Whanganui Police are anticipating a flurry of activity over the weekend at the gun collection event at Wanganui Racecourse after a steady start on day one on Friday.

The event is part of the Government's amnesty and buyback scheme under the Arms (Prohibited Firearms, Parts and Magazines) Amendment Act 2019.

Whanganui Police Area Commander Inspector Nigel Allan said there was a steady stream of people on Friday morning, the first day of the event which continues on Saturday and Sunday from 10.30am to 3.30pm.

"It's hard to know how many we'll get but we've had more than 30 handed in on Friday morning so the weekend could be busy," Allan said.

Advertisement

People who attended the first day of the event were relatively happy about the process, he said.

"It is what it is - the law has changed and people are accepting of that. From our perspective it's about making it as easy as possible for people to go through the process.

"The key for us is around encouraging people to do the online process if they can because it speeds up the process when they get here. They need to record everything they're handing in and then it's a relatively quick process when they get here."

The start of the safety zone where Police check that firearms have been emptied of ammunition.
The start of the safety zone where Police check that firearms have been emptied of ammunition.

This week's three-day event is the first of three to be held in Whanganui. The others will be on September 27-29 and December 6-8. Collection events will also be held in Taihape on September 13-14 and October 25-26 and in Taumarunui on September 23-24 and October 15-16.

"We really encourage people to use these days as the preferred way of handing over their firearms," Allan said.

Police staff were on hand to check that people entering the racecourse entrance in Ingestre St were there for the buyback event and to check firearms and make sure ammunition was cleared from them before people took their guns inside for assessment.

Inside, five desks were set up for firearms specialists to assess the gun and determine how much money the owner would receive, according to a prescribed set of prices based on the make and model and the condition it was in.

"We've had some people go away pretty happy with the amount they're going to receive," Allan said.

Advertisement

"There have also been some surrendered firearms [that are not on the prohibited list]. It's a really easy way for people to get rid of firearms and ammunition they don't want any more."

Police and Whanganui Community Patrol members looked after people with a barbecue, tea and coffee and lollies.
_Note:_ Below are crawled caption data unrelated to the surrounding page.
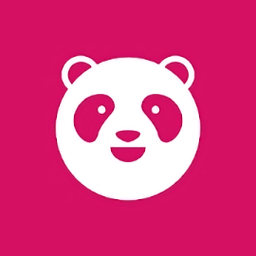 空腹熊猫foodpanda
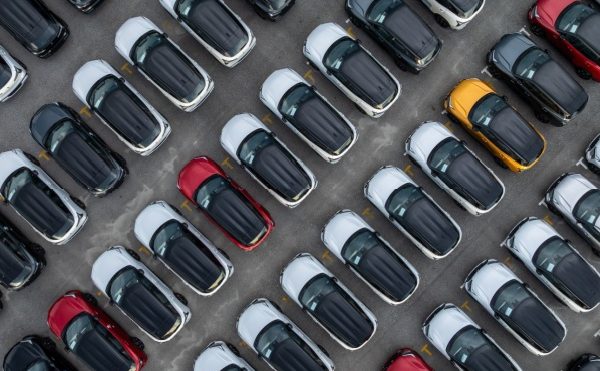 Fichier des véhicules assurés : accessible aux conducteurs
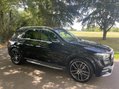 Mercedes-Benz GLE 2.9 GLE400d AMG Line (Premium Plus) G-Tronic 4MATIC Euro 6 (s/s) 5dr (7 Sea 3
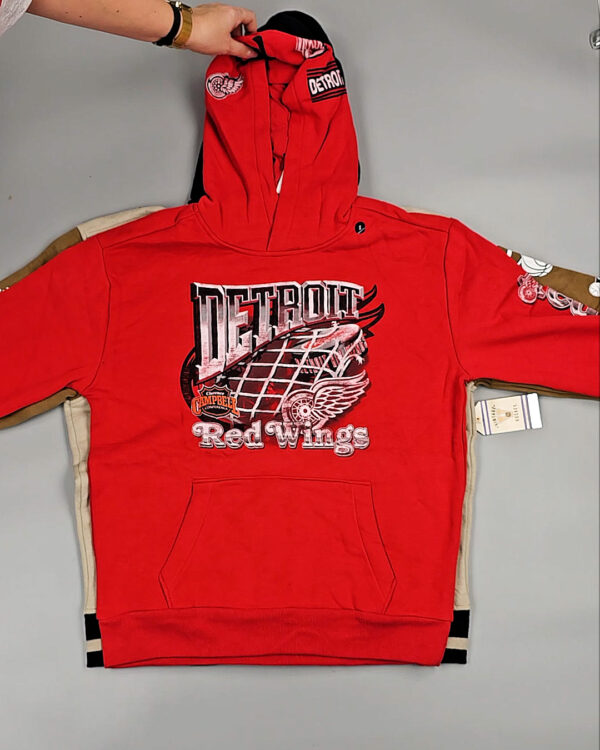 Фотография  781 - Толстовки муж HOLLISTER SW#10 кг, ЛОТ СТ-9648 оптом в Калининграде и Калининградской области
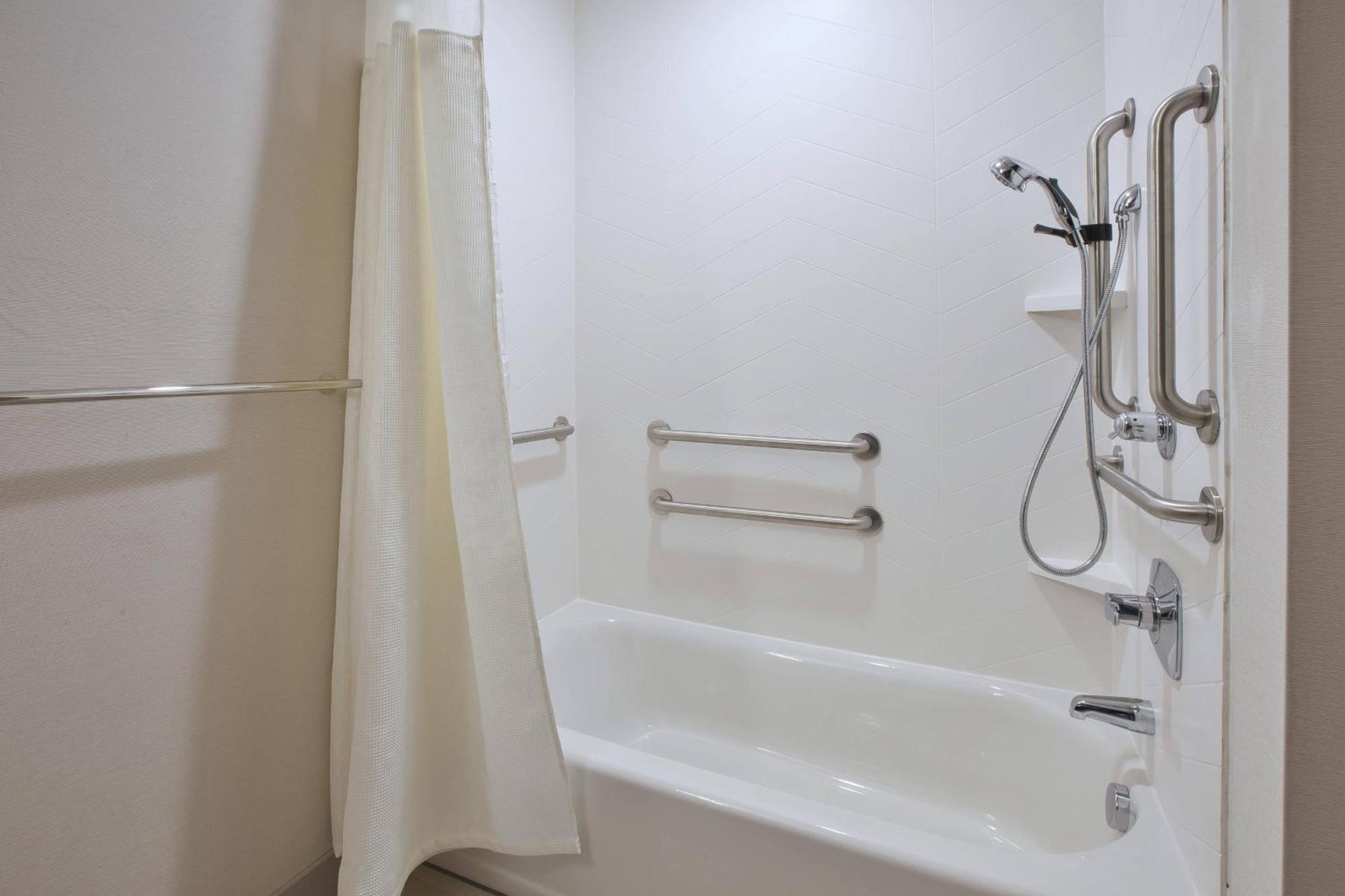 Fairfield Inn & Suites By Marriott Flint Grand Blanc Eksteriør billede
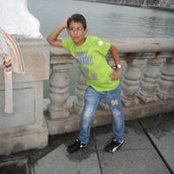Sergio Martin Gonzalez's photo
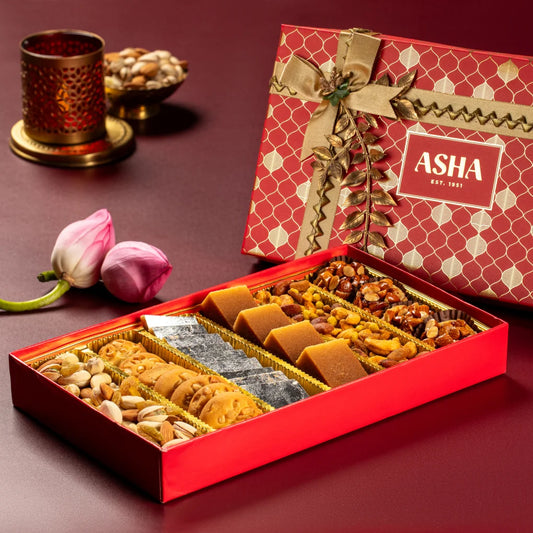 Royal Indulgence Box
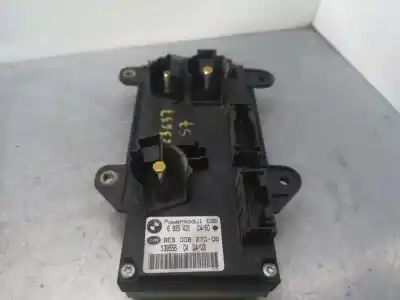 Second-hand car spare part electronic module for bmw serie 7 (e65/e66) 730d oem iam references 6935431  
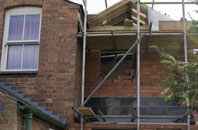 free Unthank home extension quotes
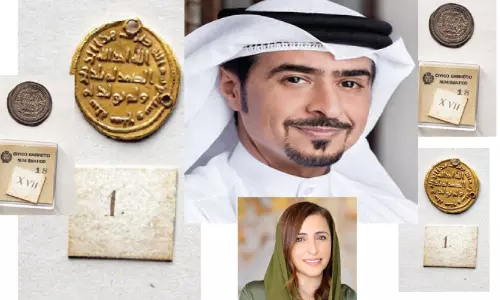 ചരിത്രം പറയുന്ന ഇസ്ലാമിക നാണയങ്ങൾ ചരിത്രം പറയുന്ന ഇസ്ലാമിക നാണയങ്ങൾ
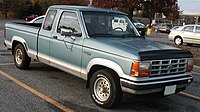 Ford Ranger (1989–1993)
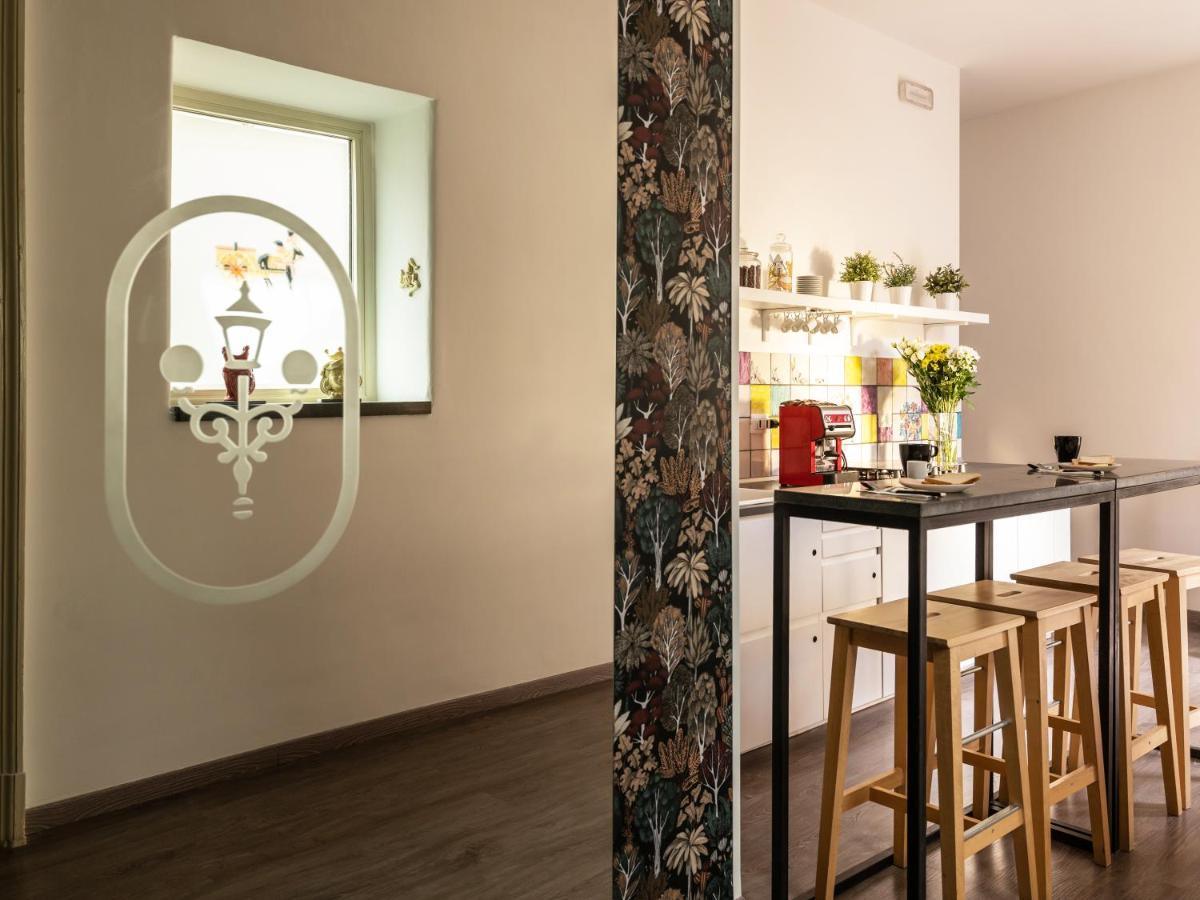 B&B Universita Κατάνια Εξωτερικό φωτογραφία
There was even a colouring-in table set up to keep the kids busy while they waited.

Gun owners need to enter through the Ingestre St entrance to Wanganui Racecourse.
Gun owners need to enter through the Ingestre St entrance to Wanganui Racecourse.

Mickey One Eye (Mike Russell), a member of Pistol New Zealand, has been hunting since he was 16 and was sad to part with his hunting rifle but happy with how the collection event was run.

"They have lightened the experience - I was joking with everybody and I met my local arms officer," he said.

"I'm very happy with the amount of money I'm getting.

"I bought that gun because of my eyesight. It meant I could get two or three shots at a deer instead of just one.

"The Government and the system shouldn't call it an evil weapon; it's a tool. It's the person and intent that's evil. They are using the wrong terminology. That's the part that annoys me."

Another man was delighted he was able to take his rifle home again after it was checked by police and determined not to be on the prohibited list.

Entry to the Whanganui collection event is via the Ingestre St entrance to the racecourse.

To speed up the process at the event, owners need to complete an online form on the Police website (www.police.govt.nz) before going to the event. They should list each firearm and/or each individual part they are taking to the collection.

Owners should also take their firearms licence (if applicable), photo identification (driver's licence or passport), bank account number, online notification reference number, all prohibited parts (cleared of all ammunition), any other non-prohibited firearms or parts they wish to hand in to Police and a valuation if they believe their firearm fits the unique prohibited criteria.

People who have more than 10 firearms, or whose firearms can be modified to make them non-prohibited, should complete an online notification form at www.police.govt.nz instead of going to a collection event.